My Mom loves Funny Girl, as a result I do to. I don't know how many times we listened to that soundtrack in my early childhood. We used to sing The Rollerskate Rag, I'd Rather Be Blue Over you and Sadie, Sadie. When I got older I realized how completely messed up those songs are. Well, Rollerskate Rag isn't so bad but "I'd rather be blue, thinking of you than be happy with somebody else"? What kind of message is that for an impressionable young lady to grow up on? What about If a Girl Isn't Pretty? *shudder* And I won't even go into the obvious offensive nature of Sadie. The songs titles alone are enough to make me mad. Take a look. I've teased Mom about her exposing me to these lyrics but she stands by her choice. Deep down I do too. I'm glad I can sing along to the songs in Funny Girl while cross stitching in my granny chair.

The only problem with Mom's influence is that there are gaps in my musical repertoire based on her tastes. For instance, I never knew anything about Bye, Bye Birdy because Mom happens to hate it. She doesn't like that it features a "wanna-be Elvis". This coming from the woman who decided to NOT see Elvis perform at a neighboring town for 50 cents because she and her high school friends thought he was "so rural". Needless to say, this was before Elvis had hit it big. She laughs at that notion today and has grown to love Elvis just like the rest of us.

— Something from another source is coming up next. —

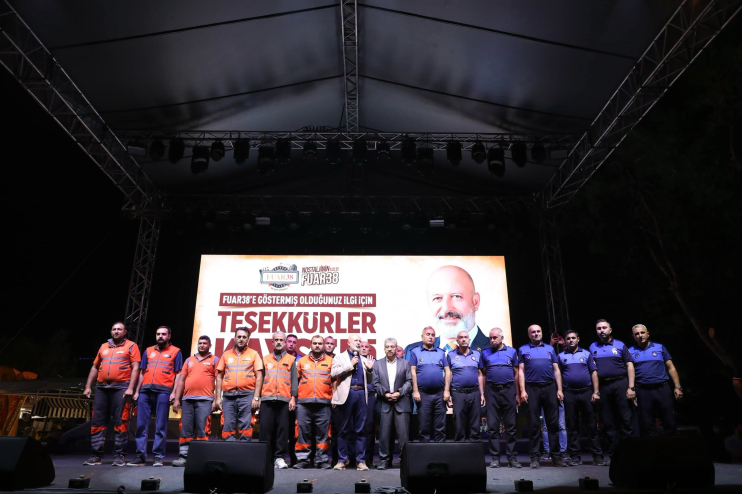 BAŞKAN ÇOLAKBAYRAKDAR: “38 GÜNLÜK ORGANİZASYONU BELEDİYE BÜTÇESİNDEN TEK KURUŞ HARCAMADAN GERÇEKLEŞTİRDİK”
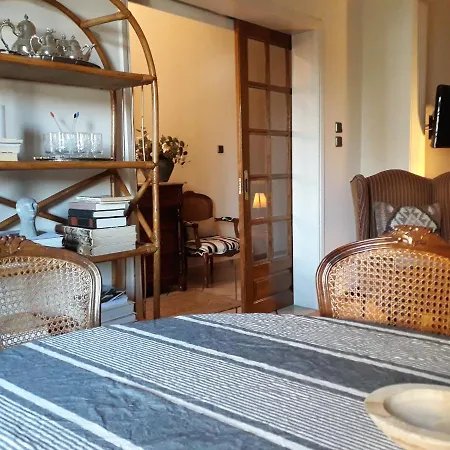 Nota's Elegant Maisonette شقة نافبليو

A few weeks ago we watched Carousel for what was my first time. When I mentioned that I'd never seen it, Mom said "I like it until it gets to that dumb dance scene. It just goes ON and ON and ON. I always get bored and turn the channel at that point so I don't remember what happens at the end. Plus it's hard to watch what's-his-name sing circles around Shirley Jones. I NEVER thought she could sing." These are the reasons I wasn't exposed to Carousel as a kid. We decided to muscle through the annoying dance scene (and it is indeed annoying) to see the ending. Then the cable freaked out on us. It did that weird jerky pixilated screen thing and then just froze. We freaked. By this time we were completely sucked in and HAD to see the end. Mom called the cable company explaining that she just had to know what happens at the end of Carousel and that this cable malfunction was "ruining our lives". (Those poor cable operators must hear it all.) We learned it was a problem with the channel not the cable company and that they couldn't do much about it. With this terrible news, I looked up Carousel on Wikipedia and read the end of Act II to Mom. Then she cried. I'm still not sure I did the right thing. We may have been better off not knowing how it all ends. It's another film that does not exactly portray women (or men) in the best light. They are long suffering victims and it sucks and makes me mad but somehow a good tune makes it all digestible. What does this say about me?! I know... I'll burn in hell, huh? Well, at least I'll go there with a good tune in my head.

1 comment:

shandon said...

The King & I has that interminable "Small House of Uncle Thomas" sequence, and Oklahoma! has that looooong, boring dream/dance sequence. Rogers & Hammerstein were a little too self-indulgent!

I think Shirley Jones had a great voice, but she was better in The Music Man. Gordon MacRae, though -he WAS the tops.